By Jon Lees
Frankie Dettori has bagged the mount on one of the leading international runners at Royal Ascot after agreeing to partner top US turf sprinter Imprimis in the King’s Stand Stakes.
Dettori’s commitment to the Grade Two-winning five-year-old is being regarded as a massive vote of confidence by trainer Joe Orseno, who has never previously visited Britain.
Florida-based Orseno, 63, has trained more than 1,800 winners during a 42-year training career – and his big-race haul includes three Breeders’ Cup contests and a Preakness Stakes.
Imprimis defeated last year’s Diamond Jubilee Stakes third Bound For Nowhere when landing the Grade Two Shakertown Stakes at Keeneland last time out.
He is owned by Sam Ross and Mike Hall, who work in the oil and fracking industry in West Virginia and race as Breeze Easy Llc – whose colours were carried to Royal Ascot victory 12 months ago by Shang Shang Shang in the Norfolk Stakes.
“Last year the owners came over with another horse – they had some success and had such a great time they said they’d like to go back,” said Orseno.
“My horse was coming off a long lay-off, so we brought him back, ran him in a prep race for the Shakertown Stakes at Keeneland – and he won both races.

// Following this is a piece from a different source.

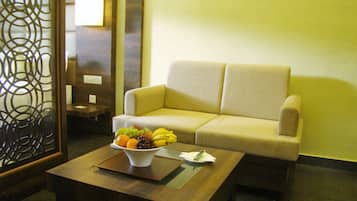 Premium Studio, 1 King Bed, Balcony, Mountain View | Living area | 32-inch LED TV with satellite channels, TV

“We’re very excited at taking this on.
“It’s something they really wanted to do, and I just thought for the Breeders’ Cup it could be a good fit instead of staying in the States with him and shipping him all over.”
The Shakertown provided another example to Orseno that Imprimis can handle most scenarios.
“That day my horse stumbled out of the gate at Keeneland, kind of fell on his head and was way further back than he should have been – but he circled the field and ran down Bound For Nowhere.
“We know Bound For Nowhere is a good horse, who was competitive at Ascot last year, so it made us feel better about going over. Also being able to get Frankie Dettori on tells me he believes in the horse to accept the mount.
”I think this is the perfect horse to try this with. He can do just about anything. He could break and sit on or near the lead – he can come from off the pace and make one good run.
“The only thing I will tell Frankie is ‘good luck’. I would never give him instructions.
Orseno is not concerned about conditions, either.
“Imprimis handles a very soft turf course,” he added.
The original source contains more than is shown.